Amaranth Advisors, once a $9bn hedge fund giant, fell apart in 2006 after a disastrous natural gas bet. The fund had been riding high on a successful energy-trading strategy led by Brian Hunter, a trader based in Calgary.

Hunter’s strategy — exploiting price differences in natural gas futures contracts—unravelled spectacularly. Over the course of a single week, Amaranth suffered $6.4bn in losses, wiping out more than 60% of the fund’s value in September 2006. While early investors in Amaranth ultimately broke even due to previous gains, the firm’s implosion remains one of the most infamous hedge fund collapses in history.

Maounis launched Verition Fund Management in 2008 with $185m and later partnered with Josh Goldstein, a former family office executive.

For years, Verition remained relatively small, with investors wary of Maounis’s past. But in 2020, as markets plunged during the pandemic, Verition delivered strong returns, attracting a flood of new capital.

Last year, the fund returned 11.6%, outperforming the 9.75% gain of the HFRI Fund Weighted Composite Index but trailing the 14.59% return of Vanguard’s 60/40 mutual fund. So far in 2024, Verition is up 2.2% through February 27, beating the S&P 500 index.

Since its inception, Verition has delivered average annual returns of 12.9%, according to an investor, with strong risk-adjusted returns and minimal correlation to broader markets.

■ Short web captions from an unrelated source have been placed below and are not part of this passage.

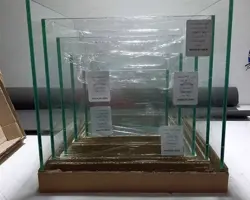 اکواریوم کریستال60*30*36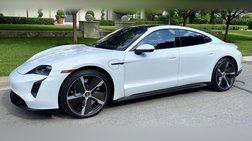 2020 Porsche Taycan 4S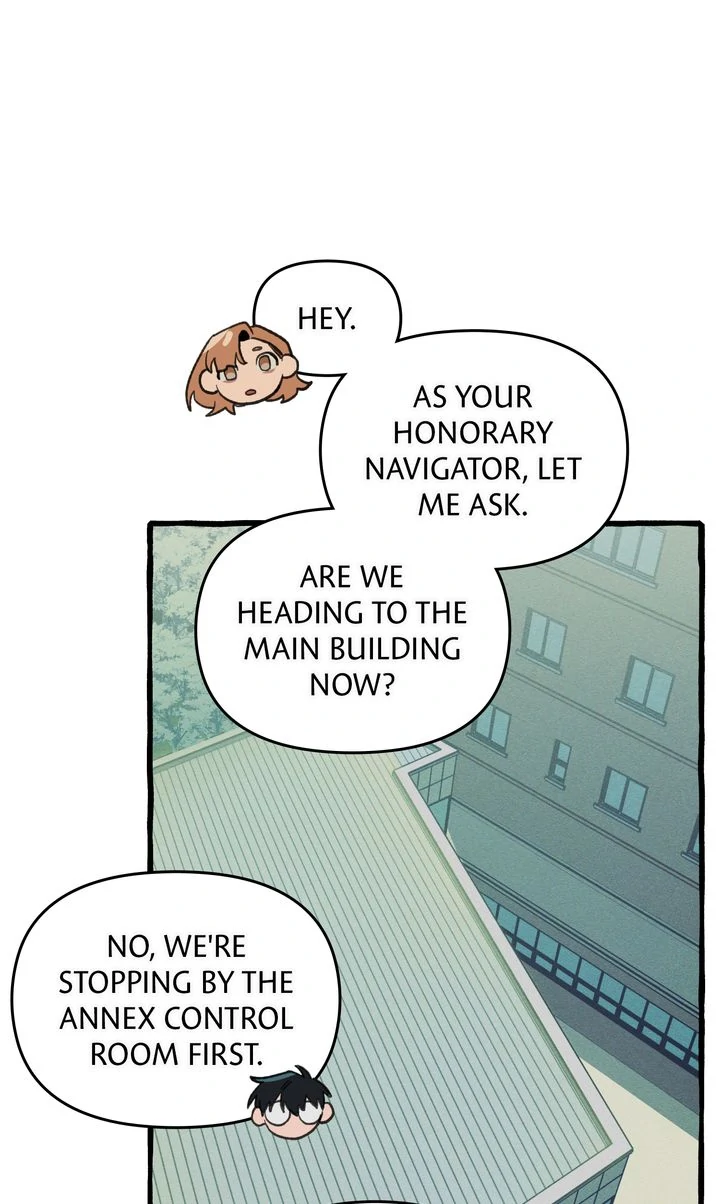 The 11th School Trip [Official] - Chapter 11 manhwa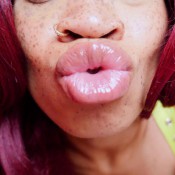 lip puckers, butt puckers hd rosiereed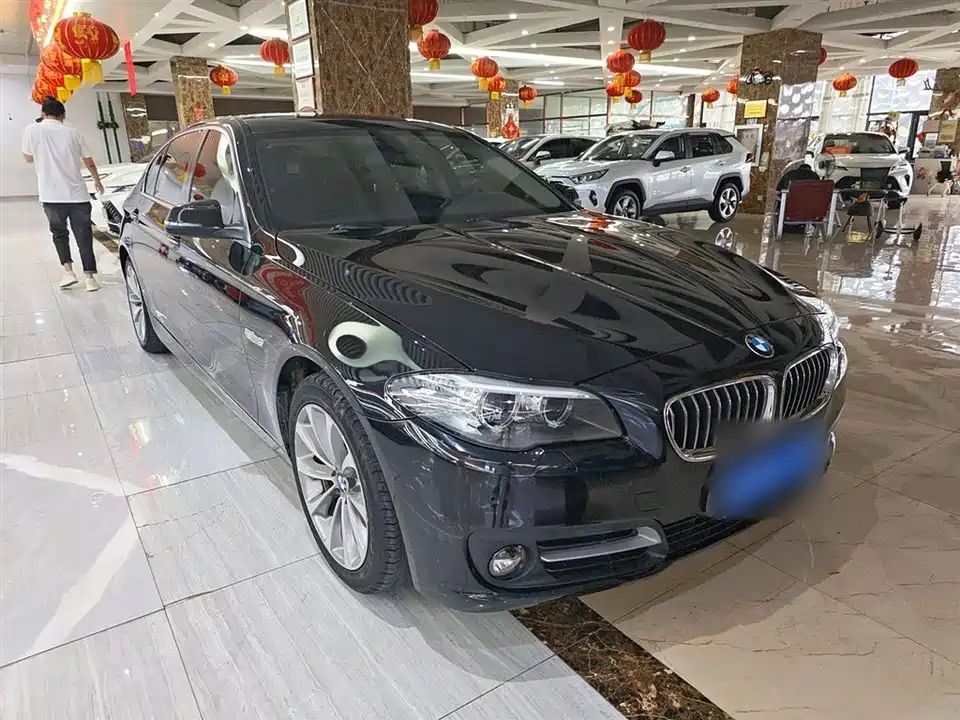 BMW 5 series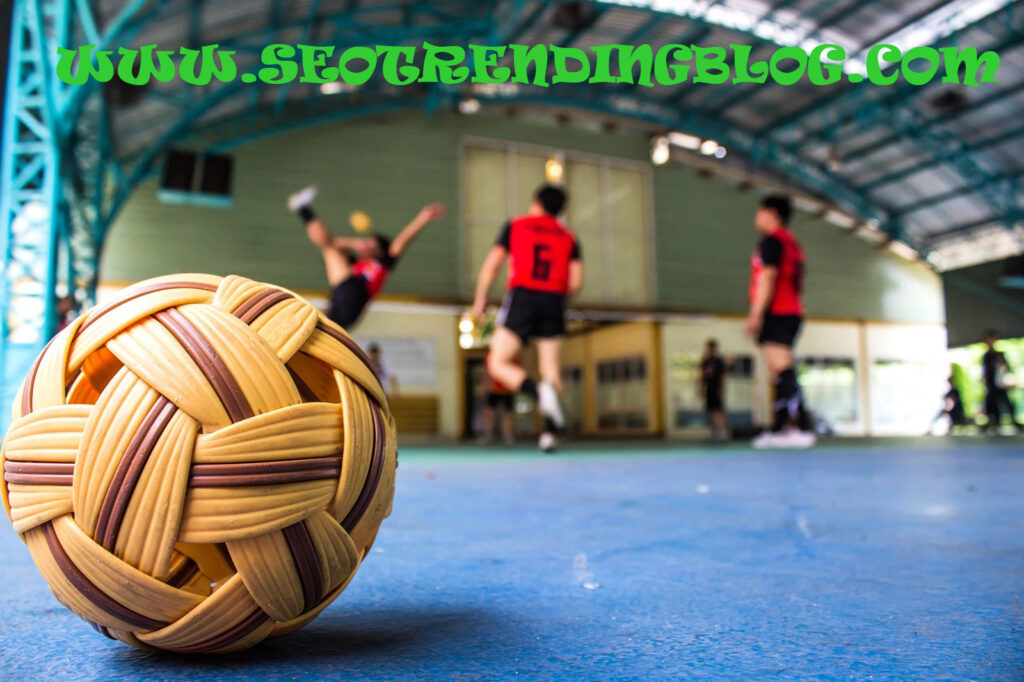 Permainan Tradisional Dunia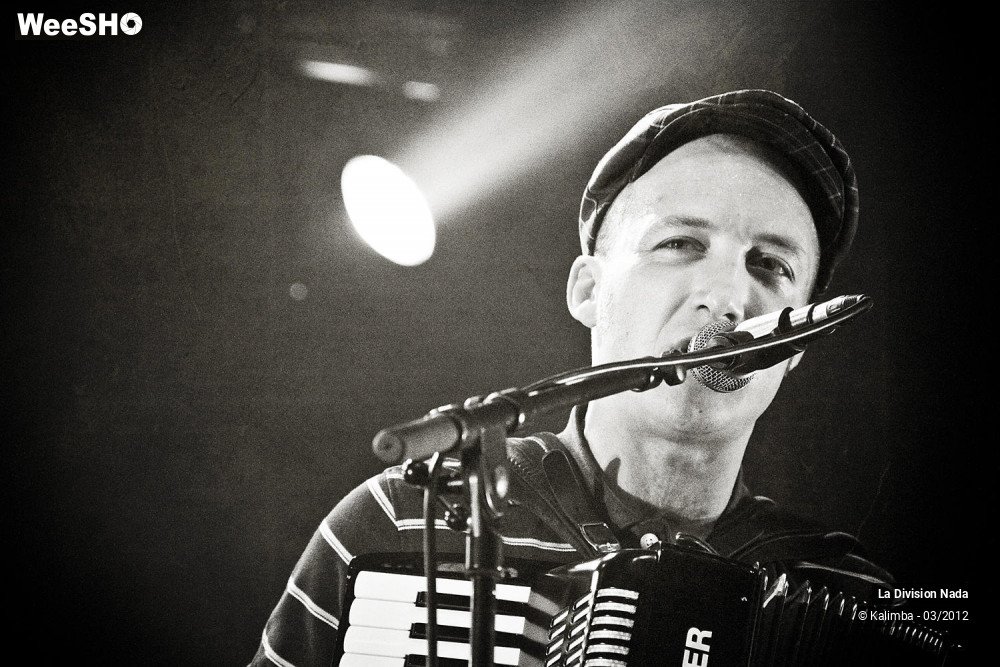 12/30 photos du spectacle La Division Nada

Unlike Amaranth, Verition operates as a multi-manager platform, a model that has propelled firms like Millennium Management and Point72 to success. The fund oversees 140 trading teams, each managing a small portion of overall assets while focusing on various strategies, including Canadian convertible bonds.

Crucially, Verition has three times the number of risk managers as Amaranth and enforces stricter limits on traders, addressing past concerns about excessive risk-taking.